One bright citizen, Tamanna Hashmi, did a quick calculation and probably thought, ‘fraud is being done on citizens’.

When crude was double the current price, Indian oil was less than half the current prices. Crude had reached $130 a barrel in 2008. It is now $65 when Pradhan made his statement.  A barrel of oil has around 160 litres or 42 Gallons of oil. In 2008, the price of oil in India was Rs 45 a litre (when crude was $130) and is now Rs 100 (when crude is $65)

In this country of great noble prize winning mathematicians and a country which invented the number system, Tamanna must have thought. ‘Umm this does not make sense, even my maths does not add up’.

So he has filed a case calling Pradhan that ultimate Indian character assassination, ‘Char so bees’ that is 420. He has sought the trial of Pradhan under IPC sections 420 (fraud) and 295 A (pertaining to deliberate malicious acts) and 511, (attempt to commit offence).

One can imagine the magistrate thinking. ‘aarre which Indian politician is not Char so bees; which country are you living in, why are you wasting court time!’ but obviously dare not say.

Hashmi has also alleged that the prices of petrol have left the people of the country “terrorised” and “enraged”. Perhaps there is no legal protection against being enraged , just see how politicians raise their fists in election rallies, but Pradhan and his boss Modi could be sought by Hashmi under UAPA (1967) for terrorising people. Now that would be a first even in India.

Indianising Twitter

The difference between the unelected Communist Government of China and the democratic government of India is the language in which the two make similar policies look so different.

When China took exception to social media, such as twitter, Whatsapp etc, it crossed its eyebrows, went red in the face and said, “We are sovereign and we will decide what limits freedom of speech people will have”.  So Twitter and Facebook and others were simply kicked out. China showed it was tough, dictatorial and draconian with people’s choices. In the west, China got a really bad press for all these statements. Even now western press says ‘China where political expression is curtailed etc’ and cite Facebook, Twitter bans.

India is a bit more polished. The Modi government wants to stop critique and criticism of its policies. That’s a bit undemocratic in a country which has been selling itself as the ‘largest democracy’ to the western powers. The west is forever evangelically wishful. All a country has to say is, ‘we have democracy, we believe in equal rights and we have an independent judiciary’, and the west will become a patron. It doesn’t matter that it is a flawed democracy with no protection for minorities, caste reigns high and the judiciary even at the highest level is State appointed.
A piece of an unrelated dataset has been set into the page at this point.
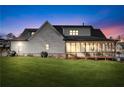 Expansive backyard featuring a covered patio, lush lawn, and privacy fencing at 39 Telfair Ct, Acworth, GA 30101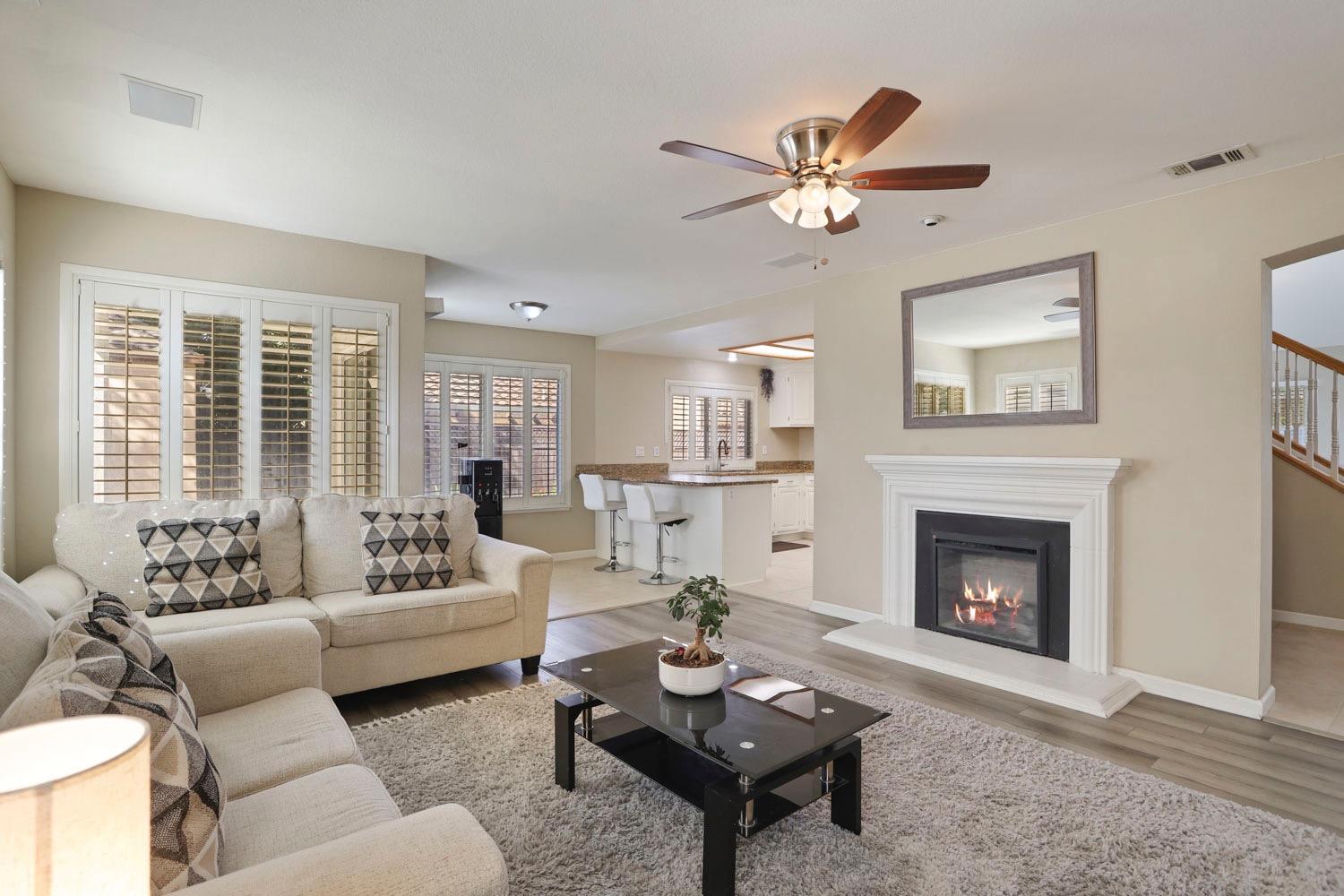 a living room with furniture a fireplace and a large window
Just say the right words and the right buttons get pressed in the west.

So the very clever Indian minister for Electronics and IT, Ravi Shankar Prasad, has decided to curtail twitter with words that find so much empathy with the west and has put twitter in a corner. “India, being a democracy, allows complete freedom to ask questions. Let me categorically say at this platform, that they can criticise Ravi Shankar Prasad, they can criticise my Prime Minister, they can ask questions and these big tech companies are having big business in India”.

So where is the problem? Prasad then went onto say, But twitter in India is not in USA!

“Some of them say that we are bound by American laws…You operate in India, you make money in India, you have good ad revenue in India, but if you take the position that I will only be governed by laws of America…This is plainly not acceptable,” he said.

Prasad further said: “You are free to do your business in India but you have to be accountable to India’s Constitution and its laws… You have to have a harmonious relationship with the autonomy of these digital platforms and obligations of an independent, sovereign nation like India.”

And what is the minister alluding to? It is about ‘misinformation, fake news, colluded materials posing as challenges’. Colluded material posing as challenges is quite an open area to cage freedoms of expression. Clearly not the words of Prasad ji.

Anything said against Modi ji could be ‘misinformation’ any thing criticising Government policy on well-argued grounds could be ‘fake news’ and anything said unflattering about Hindutva or Government in general could be ‘colluded material posing as challenges’. Twitter has met its hubris of freedom pitted against the Indian Babu.

Ingenious defence. In India you will be subject to Indian laws and not assume American laws. And what are Indian laws? Find out in the independent courts that can easily drag you for a century before finally deciding. By that time twitter will have gone into liquidation and son of twitter may be tripping the world.

The issue is not what Indian constitution says, but how the constitution is interpreted by the Government and a well heeled judiciary. It is how misinformation, fake news, colluded materials posing as challenges is interpreted.  Chinese PR can learn a lot from Indian politicians or hire an Indian Babbu.